Entwickler können sich jedoch auch dafür entscheiden, ihre Software zu “freier Software” im Sinne Stallmans zu machen. Dieser Begriff (den er in den 1980er Jahren geprägt hat) bezieht sich auf die wesentlichen Freiheiten des Benutzers, die wie folgt zusammengefasst werden können:
-
die Software ausführen
-
sie studieren
-
sie an andere weitergeben (redistribute)
-
Kopien der geänderten Versionen weitergeben
“Freie Software” nach dieser Definition wird von der Free Software Foundation (FSF) unterstützt, die dafür auch den Begriff Copyleft eingeführt hat (der keine juristische Bedeutung hat, sondern eine philosophische Überlegung darstellt), um eine freie Softwarelizenz zu charakterisieren.
Open Source Software
Aus der Bewegung für freie Software kamen in den späten 1990er Jahren Befürworter von Open Source, um freie Software verständlicher und bei Menschen außerhalb der Bewegung populärer zu machen. 1998 wurde eine gemeinnützige Stiftung, die Open Source Initiative (OSI), gegründet, und Linus Torvalds, der ursprüngliche Autor des Linux-Kernels, unterstützte das Konzept. Die Open Source Initiative formalisierte die Open Source Definition, die die folgenden Kriterien umfasst:
-
Freie Weitergabe: Man kann frei entscheiden, wie man das Programm weitergibt, ob kostenlos oder zum Verkauf, solange keine Lizenzgebühr verlangt wird. Diese Freiheit schließt die Einbindung des Programms in ein anderes Programm ein.
-
Verfügbarkeit des Quellcodes, entweder online oder zusammen mit der Software.
-
Erlaubnis zur Erstellung und Verbreitung von abgeleiteten Werken und Änderungen.
-
Integrität des Quellcodes des Autors: Modifikationen können eingeschränkt werden, wenn es den Empfängern erlaubt ist, das Programm durch Patches zum Zeitpunkt der Erstellung zu modifizieren und diese Patches zusammen mit dem Quellcode zu verteilen. Die Weitergabe von Software, die aus modifiziertem Quellcode gebaut wurde, darf nicht eingeschränkt werden.
-
Keine Diskriminierung von Personen oder Gruppen: Eine Lizenz, die die Nutzung der Software “nur für Lehrer” erlaubt, würde beispielsweise nicht der Open-Source-Definition entsprechen.
-
Keine Diskriminierung von Arbeitsbereichen: Schränken Sie zum Beispiel die kommerzielle Nutzung nicht ein.
-
Weitergabe der Lizenz: Jeder, der das Programm erhält, erhält auch dieselbe, ursprüngliche Lizenz.
-
Die Lizenz darf sich nicht auf ein bestimmtes Produkt beziehen.
-
Die Lizenz darf andere Software nicht einschränken: Andere Software, die mit dieser Software gebündelt ist, könnte zum Beispiel eine andere Lizenz haben.
-
Die Lizenz muss technologieneutral sein.
Freiheit vs. Open Source
Die Free Software Foundation lehnt den Begriff “Open Source” ab, da er das Hauptziel der Freiheit verschleiert. Obwohl die Befürworter von freier Software und Open Source Software scheinbar dasselbe Konzept verfolgen und dafür eintreten, haben die Bewegungen unterschiedliche Beweggründe. Vereinfacht gesagt, betonen die Befürworter von freier Software die Rechte von Entwicklern und Nutzern, während die Befürworter von Open Source Software den weit verbreiteten Einsatz und Erfolg der Software in den Vordergrund stellen.
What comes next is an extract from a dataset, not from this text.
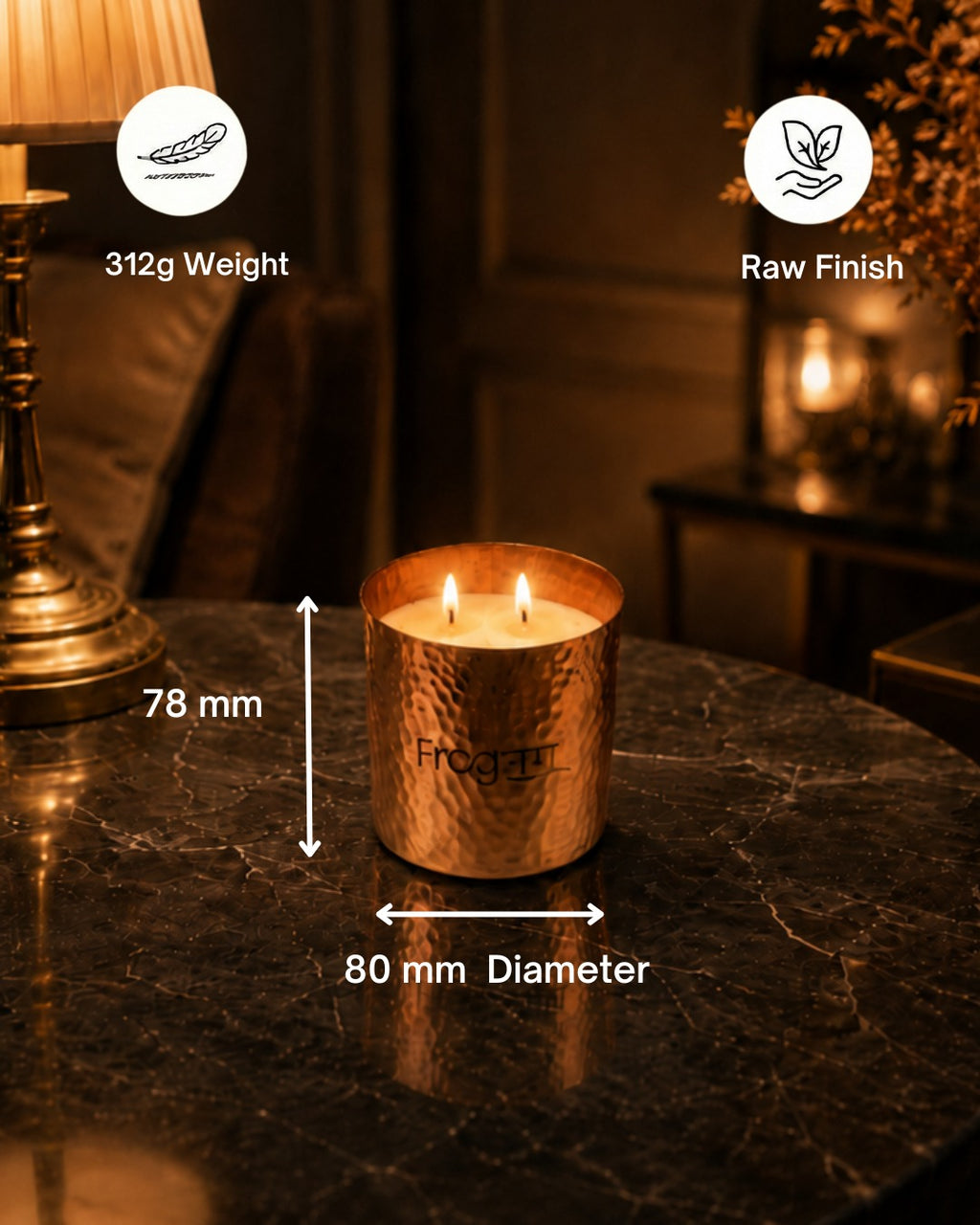 Fragnam Autumn Ember Candle with warm, earthy tones and flickering flame, perfect for cozy fall ambiance.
So gut wie alle freie Software gilt als Open Source, während es viele Lizenzen gibt, die zwar als Open Source gelten (wie von der OSI genehmigt), aber nach Ansicht der FSF nicht frei sind.
Da die Unterschiede zwischen freiem und offenem Quellcode mehr die Ziele und Motivationen als den Inhalt der Lizenzen betreffen und beide Begriffe häufig verwendet werden, beziehen sich viele Befürworter auf beide Definitionen zusammen, indem sie die Ausdrücke Freie und Open Source Software (FOSS) oder Free/Libre and Open Source Software (FLOSS) verwenden. Der Begriff “libre” verweist in vielen romanischen Sprachen auf die Freiheit.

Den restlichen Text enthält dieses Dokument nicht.